Rubio’s indictment of Obama’s performance echoed similar critiques sounded throughout the day. Former Florida governor Jeb Bush, like Rubio considered a top-tier contender, offered a less pointed assessment of Obama, but defended his own record when one audience questioner asked about his conservative credentials.
“My record is a conservative one,” Bush said. “It’s an ‘I’m-not-kidding’ conservative one and it’s a record of accomplishment.”
Bush also brushed off concerns that he is headed to the nomination as a form of “coronation.”
“I will have to earn it if I get into the arena. I will have to earn it. No one’s going to give it to me. That is more than apparent,” he said.
Other speakers focused heavily on Obama, providing a litany of examples where, they said, Obama had failed to project American strength adequately overseas.
“We have a weak president who has weakened our country,” said New Jersey Governor Chris Christie, who eschewed a lengthy speech for a question-and-answer session in a crowded hotel banquet room on Friday afternoon.
Former ambassador to the United Nations John Bolton called Obama “weak and feckless.”
“This is a president whose policies are weak, whose policies are apologetic, and in many ways incoherent,” said US Representative Peter King of New York.
Former Texas governor Rick Perry called Clinton “the orchestrator” of US policies in the Middle East and with Russia that have left the United States imperiled. The red-meat rhetoric is designed to appeal to the GOP faithful gathered to audition the 19 potential or declared candidates scheduled to speak Friday and Saturday at the First-in-the-Nation Republican Leadership Summit.
Granite State activists are just beginning to sort through one of the historic primary’s largest and most unwieldy field in decades. And candidates have been increasing their travel to the state in recent weeks.

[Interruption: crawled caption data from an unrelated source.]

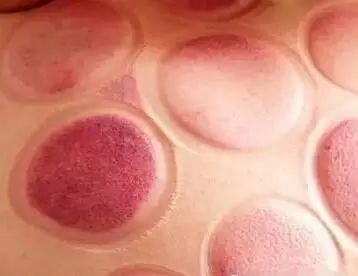 A Comprehensive Guide to Cupping Therapy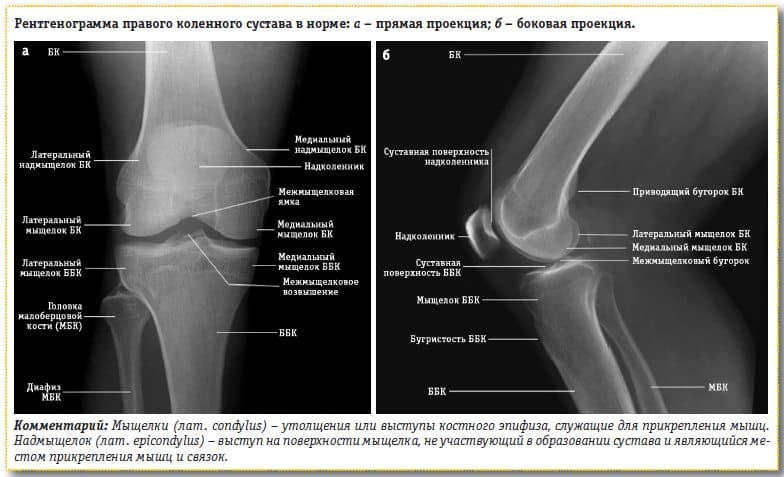 Мыщелок ноги. Рентген нормального коленного сустава. Коленный сустав рентген норма. Расшифровка рентгена коленного сустава. Рентгеновский снимок сустава колена норма.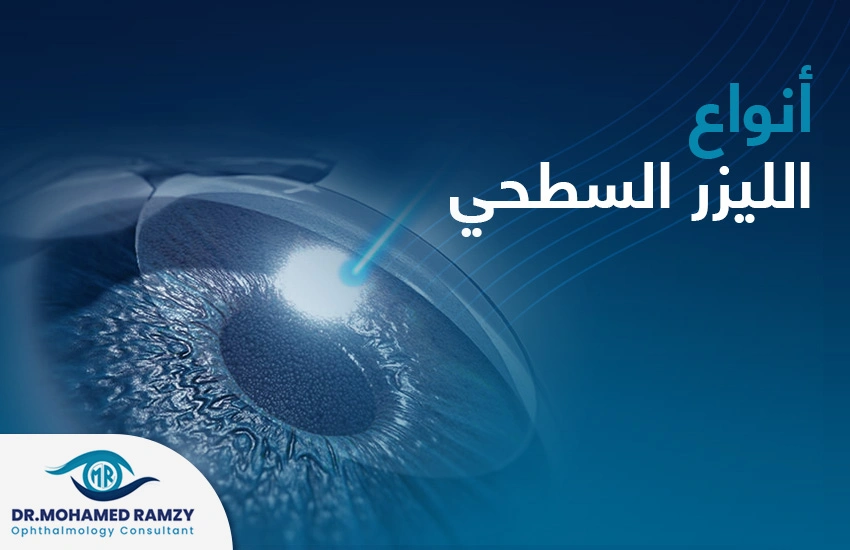 انواع الليزر السطحي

The weekend conference serves as one of the signal early events of the nominating contest.
“This is a great opportunity for these candidates to audition in front of the state’s Republican leadership -- the group of people who will decide who gets to speak at county dinners and barbecues this spring and summer,” said David Carney, a New Hampshire-based Republican strategist who advised Texas governor Rick Perry during the 2012 campaign but is unaffiliated this cycle.

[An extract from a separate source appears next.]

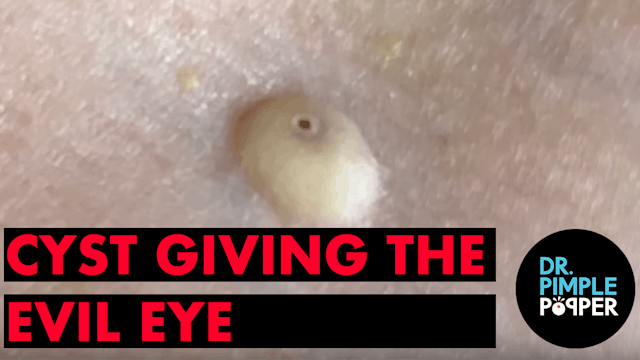 Cyst Giving Evil Eye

Former New York governor George Pataki addressed a crowded banquet room at the Crowne Plaza hotel on Friday morning, followed by entrepreneur Dennis Michael Lynch.
The speeches have also laid bare foreign policy and national security fissures within the party. King, a hawkish member of both the homeland security and intelligence committees, defended National Security Agency intelligence gathering, which has come under fire from more libertarian Republicans, as an “effective necessary component” of national defense.
“We don’t all agree,” said King. “We have definite views.”
On Saturday, speakers include former Maryland governor Bob Ehrlich, US Senator Rand Paul of Kentucky, former Hewlett Packard CEO Carly Fiorina, Louisiana Governor Bobby Jindal, and businessman Donald Trump.
South Carolina Senator Lindsay Graham, Ohio Governor John Kasich, former Arkansas governor Mike Huckabee, US Senator Ted Cruz of Texas, and Wisconsin Governor Scott Walker round out the Saturday lineup.